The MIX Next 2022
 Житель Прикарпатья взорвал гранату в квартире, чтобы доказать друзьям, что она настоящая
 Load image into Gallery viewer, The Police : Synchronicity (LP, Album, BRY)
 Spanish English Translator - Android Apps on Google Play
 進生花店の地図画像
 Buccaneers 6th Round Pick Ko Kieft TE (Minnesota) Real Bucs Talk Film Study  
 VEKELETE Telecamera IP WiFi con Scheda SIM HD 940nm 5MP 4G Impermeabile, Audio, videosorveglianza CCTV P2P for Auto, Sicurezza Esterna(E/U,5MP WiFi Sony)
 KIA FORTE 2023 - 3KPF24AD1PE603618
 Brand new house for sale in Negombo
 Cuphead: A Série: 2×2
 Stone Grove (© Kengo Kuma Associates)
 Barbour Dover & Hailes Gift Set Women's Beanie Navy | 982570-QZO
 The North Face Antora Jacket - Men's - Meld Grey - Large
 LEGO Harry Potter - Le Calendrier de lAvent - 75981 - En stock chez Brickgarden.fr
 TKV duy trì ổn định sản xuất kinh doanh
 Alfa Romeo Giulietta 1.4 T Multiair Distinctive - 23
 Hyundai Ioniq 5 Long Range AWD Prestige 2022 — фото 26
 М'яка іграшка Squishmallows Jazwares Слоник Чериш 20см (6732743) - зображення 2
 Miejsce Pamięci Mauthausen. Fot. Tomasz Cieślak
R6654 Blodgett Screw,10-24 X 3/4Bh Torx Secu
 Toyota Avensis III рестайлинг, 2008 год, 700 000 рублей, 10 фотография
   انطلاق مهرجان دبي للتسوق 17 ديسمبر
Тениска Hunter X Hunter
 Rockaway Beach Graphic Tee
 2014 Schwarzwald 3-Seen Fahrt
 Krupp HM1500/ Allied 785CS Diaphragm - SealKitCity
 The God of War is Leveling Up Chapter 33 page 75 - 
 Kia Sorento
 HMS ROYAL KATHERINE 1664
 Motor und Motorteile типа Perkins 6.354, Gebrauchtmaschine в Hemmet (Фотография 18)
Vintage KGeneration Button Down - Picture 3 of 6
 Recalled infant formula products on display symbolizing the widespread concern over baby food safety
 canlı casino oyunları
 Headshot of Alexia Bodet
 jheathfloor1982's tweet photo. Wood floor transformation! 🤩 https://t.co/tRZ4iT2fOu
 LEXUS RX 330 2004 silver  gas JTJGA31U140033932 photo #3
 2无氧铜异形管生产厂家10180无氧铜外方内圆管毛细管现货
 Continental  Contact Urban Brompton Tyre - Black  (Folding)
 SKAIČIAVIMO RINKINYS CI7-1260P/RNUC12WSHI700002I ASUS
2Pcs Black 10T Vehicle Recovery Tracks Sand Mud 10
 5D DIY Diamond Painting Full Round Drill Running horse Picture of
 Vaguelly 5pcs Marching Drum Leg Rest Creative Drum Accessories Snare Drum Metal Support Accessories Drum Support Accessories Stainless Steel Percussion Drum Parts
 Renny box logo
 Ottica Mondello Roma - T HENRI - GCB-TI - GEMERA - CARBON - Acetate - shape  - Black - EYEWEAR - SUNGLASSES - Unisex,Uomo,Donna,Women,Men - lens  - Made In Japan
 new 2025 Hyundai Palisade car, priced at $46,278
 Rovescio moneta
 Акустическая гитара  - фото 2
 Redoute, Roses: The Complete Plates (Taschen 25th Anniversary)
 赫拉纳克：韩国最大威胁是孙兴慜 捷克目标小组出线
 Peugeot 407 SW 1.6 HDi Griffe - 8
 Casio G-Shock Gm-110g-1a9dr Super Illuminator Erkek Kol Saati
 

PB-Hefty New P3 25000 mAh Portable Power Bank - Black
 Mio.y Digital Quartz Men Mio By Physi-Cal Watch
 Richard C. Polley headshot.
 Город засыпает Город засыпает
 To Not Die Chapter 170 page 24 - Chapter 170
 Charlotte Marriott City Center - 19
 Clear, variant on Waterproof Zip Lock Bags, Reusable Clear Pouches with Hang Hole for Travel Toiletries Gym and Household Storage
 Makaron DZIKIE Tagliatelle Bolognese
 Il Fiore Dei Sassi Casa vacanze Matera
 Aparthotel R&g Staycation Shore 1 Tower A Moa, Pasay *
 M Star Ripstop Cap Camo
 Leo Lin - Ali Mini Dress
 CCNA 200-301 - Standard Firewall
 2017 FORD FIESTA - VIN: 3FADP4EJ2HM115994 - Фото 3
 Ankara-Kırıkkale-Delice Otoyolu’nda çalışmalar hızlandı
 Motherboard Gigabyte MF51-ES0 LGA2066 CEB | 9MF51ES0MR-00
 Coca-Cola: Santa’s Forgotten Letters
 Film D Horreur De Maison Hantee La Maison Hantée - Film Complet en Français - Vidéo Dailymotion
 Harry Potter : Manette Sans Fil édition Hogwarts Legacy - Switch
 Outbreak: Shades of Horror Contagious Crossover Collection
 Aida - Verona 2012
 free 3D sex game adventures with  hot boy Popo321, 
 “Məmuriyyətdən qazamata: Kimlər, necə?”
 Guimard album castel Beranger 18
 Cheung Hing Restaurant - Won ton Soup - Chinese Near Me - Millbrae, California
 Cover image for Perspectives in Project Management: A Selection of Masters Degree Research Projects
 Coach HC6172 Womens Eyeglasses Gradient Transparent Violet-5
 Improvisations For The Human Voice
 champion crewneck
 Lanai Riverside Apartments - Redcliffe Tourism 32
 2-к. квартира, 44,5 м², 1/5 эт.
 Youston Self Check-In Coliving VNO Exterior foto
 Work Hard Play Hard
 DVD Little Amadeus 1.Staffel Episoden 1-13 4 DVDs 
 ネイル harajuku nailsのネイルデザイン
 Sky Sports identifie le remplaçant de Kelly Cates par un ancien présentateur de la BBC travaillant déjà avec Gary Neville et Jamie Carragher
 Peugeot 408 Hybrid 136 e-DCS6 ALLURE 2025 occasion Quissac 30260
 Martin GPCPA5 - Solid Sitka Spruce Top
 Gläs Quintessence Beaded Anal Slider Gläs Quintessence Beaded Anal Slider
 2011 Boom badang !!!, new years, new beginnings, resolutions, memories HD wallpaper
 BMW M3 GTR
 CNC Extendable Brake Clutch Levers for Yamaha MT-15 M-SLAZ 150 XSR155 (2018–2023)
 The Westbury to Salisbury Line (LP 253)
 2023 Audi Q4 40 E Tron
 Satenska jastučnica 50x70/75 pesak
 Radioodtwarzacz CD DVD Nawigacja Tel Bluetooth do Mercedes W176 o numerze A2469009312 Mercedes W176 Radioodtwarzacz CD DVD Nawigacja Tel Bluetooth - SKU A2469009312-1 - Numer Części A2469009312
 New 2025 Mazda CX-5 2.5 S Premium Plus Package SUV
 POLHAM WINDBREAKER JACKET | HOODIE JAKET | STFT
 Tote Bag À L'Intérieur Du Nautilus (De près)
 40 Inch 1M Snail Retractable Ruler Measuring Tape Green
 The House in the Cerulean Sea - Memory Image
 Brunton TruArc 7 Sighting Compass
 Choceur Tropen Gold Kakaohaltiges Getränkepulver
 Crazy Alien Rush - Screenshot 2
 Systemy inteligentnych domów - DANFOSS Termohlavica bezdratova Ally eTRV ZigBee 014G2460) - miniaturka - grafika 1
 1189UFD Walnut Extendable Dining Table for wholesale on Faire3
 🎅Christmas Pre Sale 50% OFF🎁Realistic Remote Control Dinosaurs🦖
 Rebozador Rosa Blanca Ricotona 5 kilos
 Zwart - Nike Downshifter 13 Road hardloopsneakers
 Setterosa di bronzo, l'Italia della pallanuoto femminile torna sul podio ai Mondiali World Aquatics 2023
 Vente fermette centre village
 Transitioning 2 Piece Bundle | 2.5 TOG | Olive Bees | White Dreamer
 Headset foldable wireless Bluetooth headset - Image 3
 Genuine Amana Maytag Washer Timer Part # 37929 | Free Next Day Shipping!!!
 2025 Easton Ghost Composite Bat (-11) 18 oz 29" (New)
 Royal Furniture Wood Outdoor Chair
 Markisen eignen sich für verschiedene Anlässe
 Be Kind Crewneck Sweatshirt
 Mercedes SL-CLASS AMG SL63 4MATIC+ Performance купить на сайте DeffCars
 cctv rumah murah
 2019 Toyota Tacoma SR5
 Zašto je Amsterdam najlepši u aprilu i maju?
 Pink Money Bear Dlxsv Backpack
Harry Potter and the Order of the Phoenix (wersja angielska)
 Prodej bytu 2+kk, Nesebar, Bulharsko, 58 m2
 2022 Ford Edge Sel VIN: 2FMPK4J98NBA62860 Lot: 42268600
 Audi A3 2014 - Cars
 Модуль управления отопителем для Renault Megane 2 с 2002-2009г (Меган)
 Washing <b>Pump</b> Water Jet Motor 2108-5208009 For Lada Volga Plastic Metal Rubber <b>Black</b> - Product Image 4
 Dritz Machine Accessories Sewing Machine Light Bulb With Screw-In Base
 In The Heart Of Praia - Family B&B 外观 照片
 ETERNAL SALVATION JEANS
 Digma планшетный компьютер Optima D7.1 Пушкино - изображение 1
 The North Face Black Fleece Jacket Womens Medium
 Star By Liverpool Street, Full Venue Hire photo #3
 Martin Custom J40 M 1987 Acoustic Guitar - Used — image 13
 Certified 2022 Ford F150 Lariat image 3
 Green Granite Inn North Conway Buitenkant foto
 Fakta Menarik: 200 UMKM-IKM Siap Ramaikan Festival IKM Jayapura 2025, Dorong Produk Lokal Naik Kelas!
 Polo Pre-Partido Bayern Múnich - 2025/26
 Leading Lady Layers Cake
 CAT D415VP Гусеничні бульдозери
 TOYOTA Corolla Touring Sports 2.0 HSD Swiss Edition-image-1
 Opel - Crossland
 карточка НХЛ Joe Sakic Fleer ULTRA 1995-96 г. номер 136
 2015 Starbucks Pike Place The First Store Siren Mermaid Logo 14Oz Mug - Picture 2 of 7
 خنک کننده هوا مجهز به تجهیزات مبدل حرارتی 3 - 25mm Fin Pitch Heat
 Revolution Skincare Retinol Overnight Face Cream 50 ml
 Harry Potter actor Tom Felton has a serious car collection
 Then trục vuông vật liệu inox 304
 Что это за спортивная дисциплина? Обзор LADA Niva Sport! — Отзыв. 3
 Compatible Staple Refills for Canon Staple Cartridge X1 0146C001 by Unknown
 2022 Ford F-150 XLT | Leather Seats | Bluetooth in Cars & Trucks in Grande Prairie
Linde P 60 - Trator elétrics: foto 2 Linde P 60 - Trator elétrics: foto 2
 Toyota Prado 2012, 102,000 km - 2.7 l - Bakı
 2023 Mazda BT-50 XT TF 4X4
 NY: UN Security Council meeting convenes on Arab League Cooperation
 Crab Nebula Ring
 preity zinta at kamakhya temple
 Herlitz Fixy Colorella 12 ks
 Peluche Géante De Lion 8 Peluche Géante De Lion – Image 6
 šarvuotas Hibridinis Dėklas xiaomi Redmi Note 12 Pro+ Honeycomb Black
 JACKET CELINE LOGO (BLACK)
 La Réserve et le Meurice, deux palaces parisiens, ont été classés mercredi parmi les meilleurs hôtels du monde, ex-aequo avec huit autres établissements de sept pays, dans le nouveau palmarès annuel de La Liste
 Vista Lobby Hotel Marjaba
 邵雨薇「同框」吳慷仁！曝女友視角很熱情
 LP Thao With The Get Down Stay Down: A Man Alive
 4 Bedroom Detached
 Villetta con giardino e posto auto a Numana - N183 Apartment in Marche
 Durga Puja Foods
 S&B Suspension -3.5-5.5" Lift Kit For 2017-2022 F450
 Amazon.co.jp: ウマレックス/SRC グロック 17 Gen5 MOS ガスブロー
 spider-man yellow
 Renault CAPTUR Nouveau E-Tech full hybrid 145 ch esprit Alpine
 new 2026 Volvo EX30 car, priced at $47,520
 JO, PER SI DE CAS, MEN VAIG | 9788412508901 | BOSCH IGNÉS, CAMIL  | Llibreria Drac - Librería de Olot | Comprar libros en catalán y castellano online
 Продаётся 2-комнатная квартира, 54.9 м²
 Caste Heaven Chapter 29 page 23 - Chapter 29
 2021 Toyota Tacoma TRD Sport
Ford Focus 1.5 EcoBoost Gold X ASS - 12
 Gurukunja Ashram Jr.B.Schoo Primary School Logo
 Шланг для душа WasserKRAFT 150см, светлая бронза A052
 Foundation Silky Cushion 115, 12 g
__________________________________________________
### [TASK GOAL]
Output each line exactly, from the first line of the data down to the line that contains "Buccaneers 6th Round", both included.

### [TASK RESULT]
The MIX Next 2022
 Житель Прикарпатья взорвал гранату в квартире, чтобы доказать друзьям, что она настоящая
 Load image into Gallery viewer, The Police : Synchronicity (LP, Album, BRY)
 Spanish English Translator - Android Apps on Google Play
 進生花店の地図画像
 Buccaneers 6th Round Pick Ko Kieft TE (Minnesota) Real Bucs Talk Film Study  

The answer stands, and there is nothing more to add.